WHAT THE TASK ASKS: Could you restate word for word only the lines below from the one holding "Kate Walsh Instagram" to the one holding "327 W FRITZ AVE, Quarryville, PA 17566", inclusive, and leave out the pictures?

INPUT:
<<<<
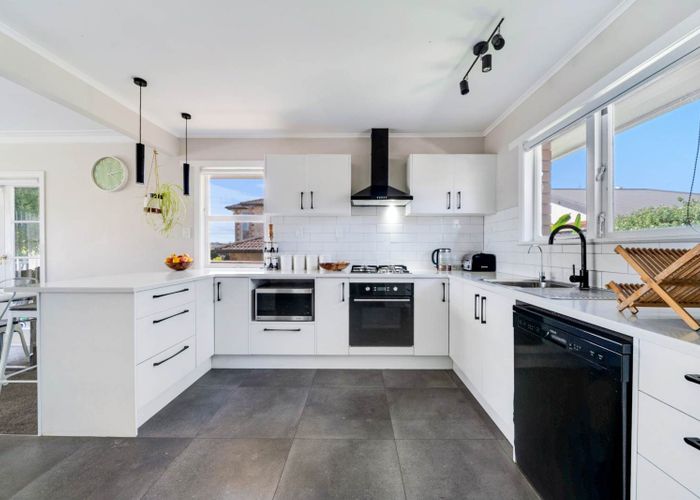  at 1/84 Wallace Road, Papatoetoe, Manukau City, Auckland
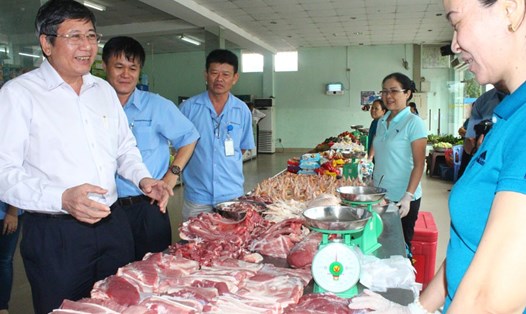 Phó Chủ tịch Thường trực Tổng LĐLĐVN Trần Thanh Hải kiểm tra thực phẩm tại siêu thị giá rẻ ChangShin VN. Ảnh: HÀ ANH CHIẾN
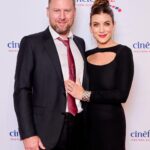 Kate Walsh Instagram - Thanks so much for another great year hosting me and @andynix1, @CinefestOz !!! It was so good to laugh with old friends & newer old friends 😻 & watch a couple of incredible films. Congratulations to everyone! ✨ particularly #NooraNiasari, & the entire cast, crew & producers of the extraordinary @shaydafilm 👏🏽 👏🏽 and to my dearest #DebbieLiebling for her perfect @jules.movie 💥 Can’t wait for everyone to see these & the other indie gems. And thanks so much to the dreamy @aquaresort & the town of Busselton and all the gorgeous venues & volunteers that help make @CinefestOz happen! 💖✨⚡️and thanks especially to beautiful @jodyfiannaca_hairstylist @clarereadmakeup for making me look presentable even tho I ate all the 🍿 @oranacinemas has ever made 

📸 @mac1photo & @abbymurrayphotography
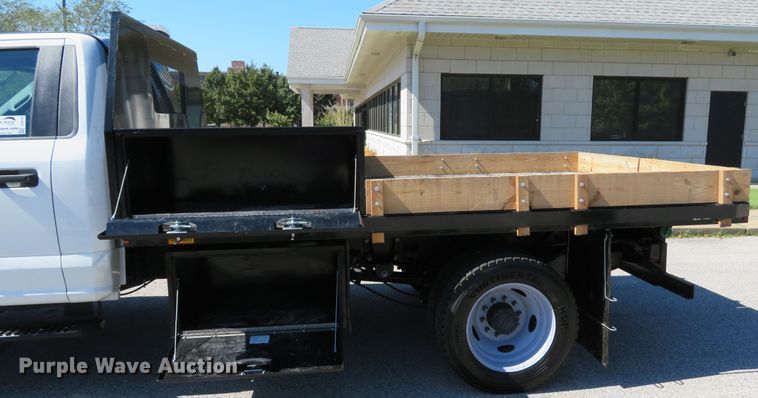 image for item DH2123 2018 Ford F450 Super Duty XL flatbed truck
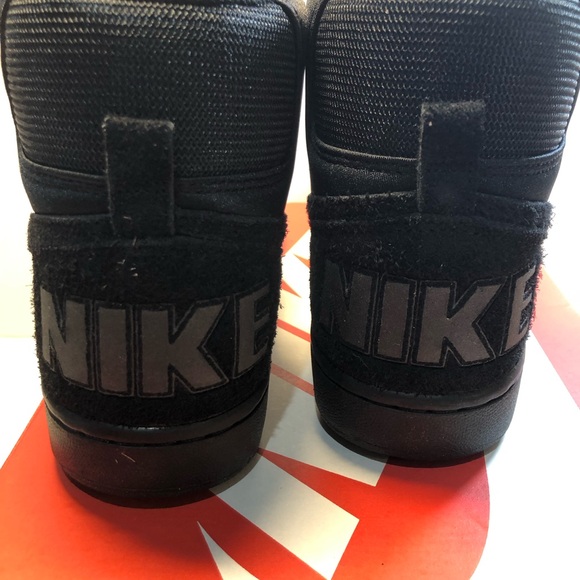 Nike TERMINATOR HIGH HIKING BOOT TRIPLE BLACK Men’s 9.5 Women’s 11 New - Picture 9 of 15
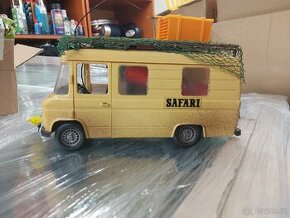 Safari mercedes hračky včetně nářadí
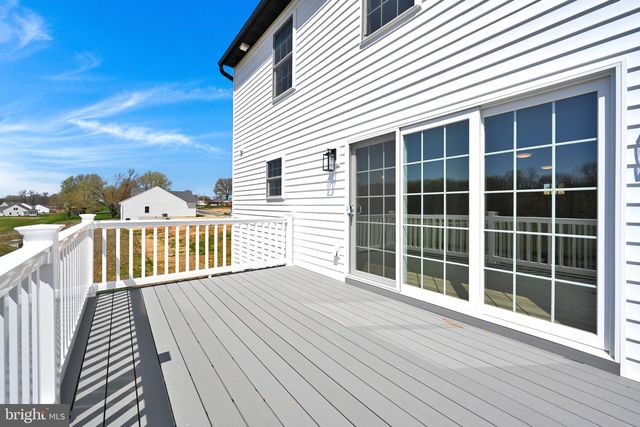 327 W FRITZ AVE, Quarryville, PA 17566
>>>>
<<<<
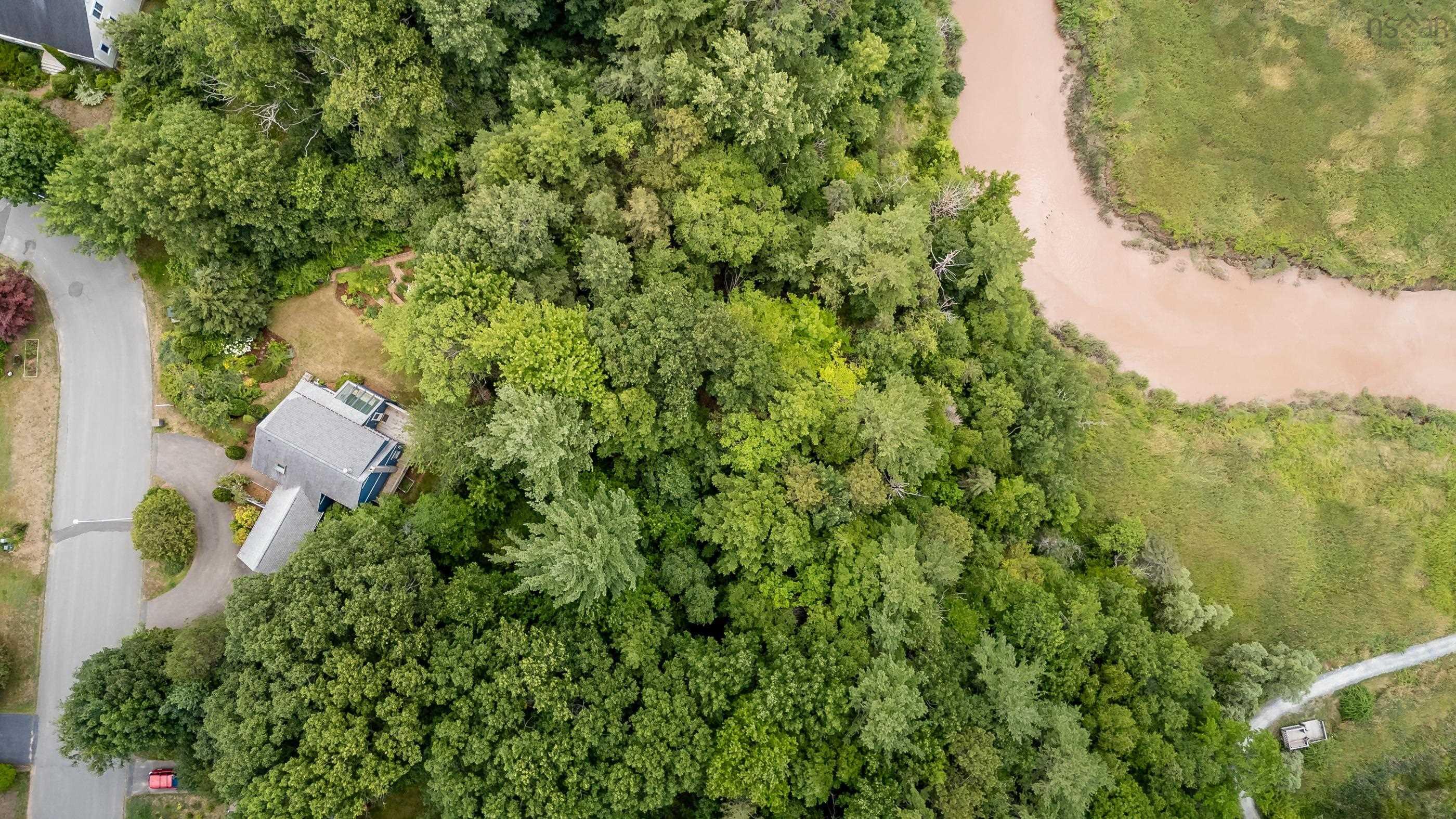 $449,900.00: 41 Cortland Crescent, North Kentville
>>>>
<<<<
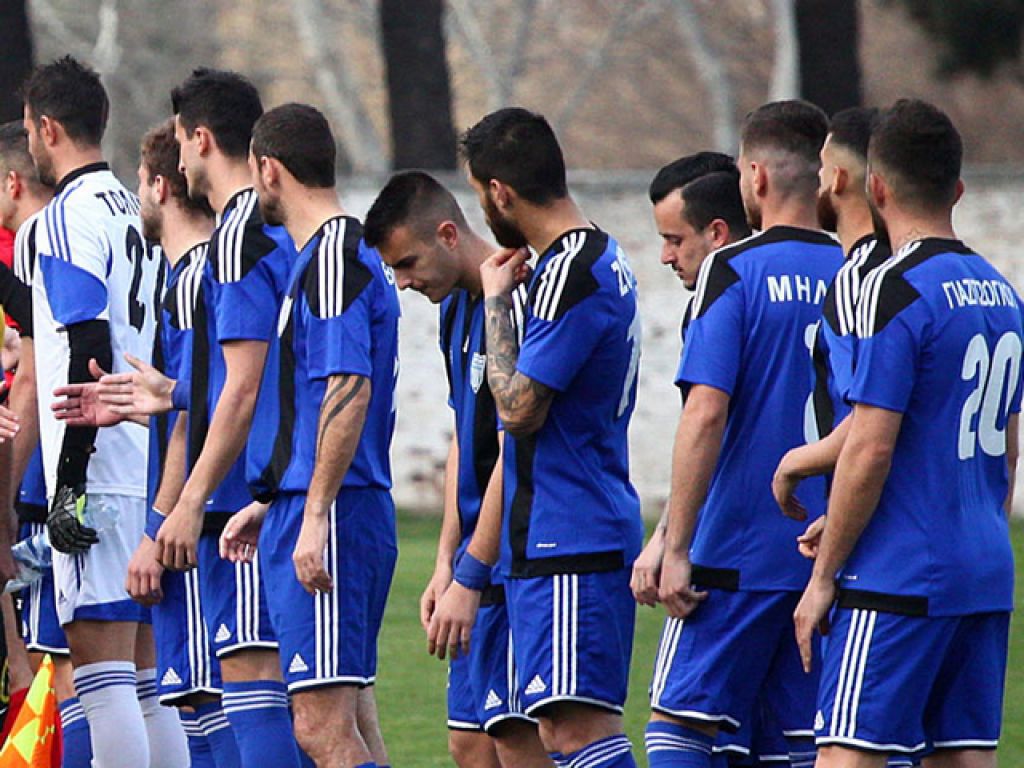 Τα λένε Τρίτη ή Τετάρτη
>>>>
ANSWER TO THE PROBLEM:
 Kate Walsh Instagram - Thanks so much for another great year hosting me and @andynix1, @CinefestOz !!! It was so good to laugh with old friends & newer old friends 😻 & watch a couple of incredible films. Congratulations to everyone! ✨ particularly #NooraNiasari, & the entire cast, crew & producers of the extraordinary @shaydafilm 👏🏽 👏🏽 and to my dearest #DebbieLiebling for her perfect @jules.movie 💥 Can’t wait for everyone to see these & the other indie gems. And thanks so much to the dreamy @aquaresort & the town of Busselton and all the gorgeous venues & volunteers that help make @CinefestOz happen! 💖✨⚡️and thanks especially to beautiful @jodyfiannaca_hairstylist @clarereadmakeup for making me look presentable even tho I ate all the 🍿 @oranacinemas has ever made 

📸 @mac1photo & @abbymurrayphotography
 image for item DH2123 2018 Ford F450 Super Duty XL flatbed truck
 Nike TERMINATOR HIGH HIKING BOOT TRIPLE BLACK Men’s 9.5 Women’s 11 New - Picture 9 of 15
 Safari mercedes hračky včetně nářadí
 327 W FRITZ AVE, Quarryville, PA 17566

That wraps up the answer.